Other newer additions, did do much better in Jeff’s view. The buildings of brick behind the High Court, The Pullman Hotel (which sets next to The Quadrant, which Jeff said does not fit in). To Jeff they fit in with the architecture of old. Maintain identity with brick instead of steel and concrete. Building up in a way that matches what was before and making space for more people to live and visit the space.
And in recent years, there have been attempts at thought in the plans of Auckland’s City Centre. Jeff told me he thought, Viaduct Basin was done “quite well” and is a “reasonably good go”. And he says the City Centre Masterplan is the first attempt at seriously planning out this urban heart.

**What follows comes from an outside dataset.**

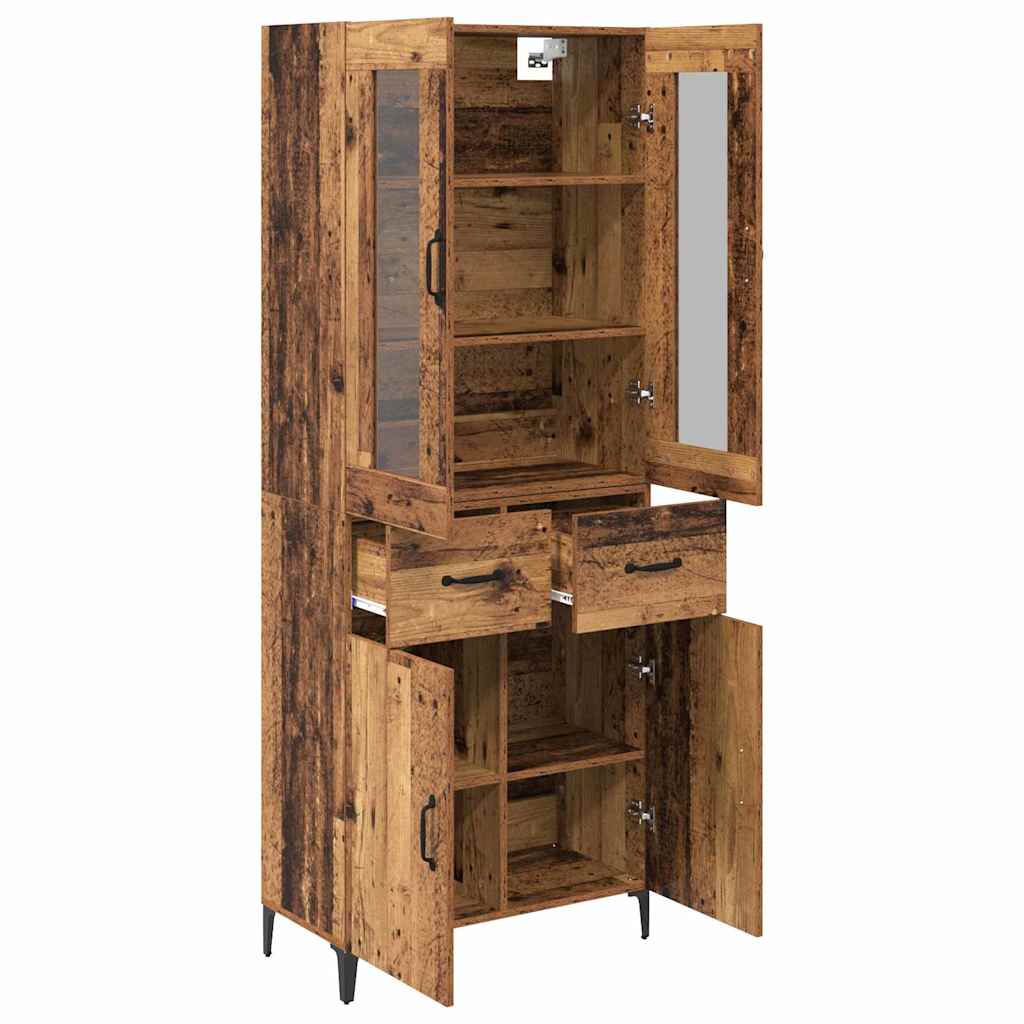 Highboard Old Wood 69.5 x 34 x 180 cm Engineered Wood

And so for Jeff we are in a city space that has had both little regard to art and design, yet still has the roots of history of structure and plant reaching up. He feels that while we may have never planned anything properly in the past, that might is changing. And while Jeff fears we may make the mistakes of the past and have more leaky buildings rise in the sky, to uproot and destroy lives as he has experienced, we also have these places of calm and community. For someone who has travelled all over the world, this area represent the best and worst of Auckland. And the best of worse of us as people.
So it’s somewhat fitting we were here on Matariki. A common theme in our conversations on our walk was reflection. Thinking about what came before us and what was left behind in the trees and gardens and buildings. What was also lost, history destroyed and demolished, to be replaced with something different.
And it might be that it was worse, that what was new did not fit in with what was. Sometimes the new was built with purpose, to fit in and continue identity and tradition and history. And those observations, and our experiences in our places, good and bad, wins and losses, they affect how we think about the future, what we fear might happen if we repeat the mistakes of the past and act with carelessness and disdain. Or what we hope might be a new approach of thoughtfulness and planning. And those will all make a mark, much like the trees planted by royalty, the gardens cultivated by many different hands, and buildings constructed up into the sky.
Except.
Regardless of the remembrance of what has been, or observations in the presence, or thoughts on the future. Jeff can still go to his oasis of a park. Not too far from the hustle and bustle and energy that the diverse crowds of people in Auckland bring, but secluded enough to be a place of solace. His, and so many others, backyard to urban living.
And maybe we can have more of those slices of peace. More places with identity and soul. We just have to take some care, and have some thought, of how we grow our gardens. And how we build our cities.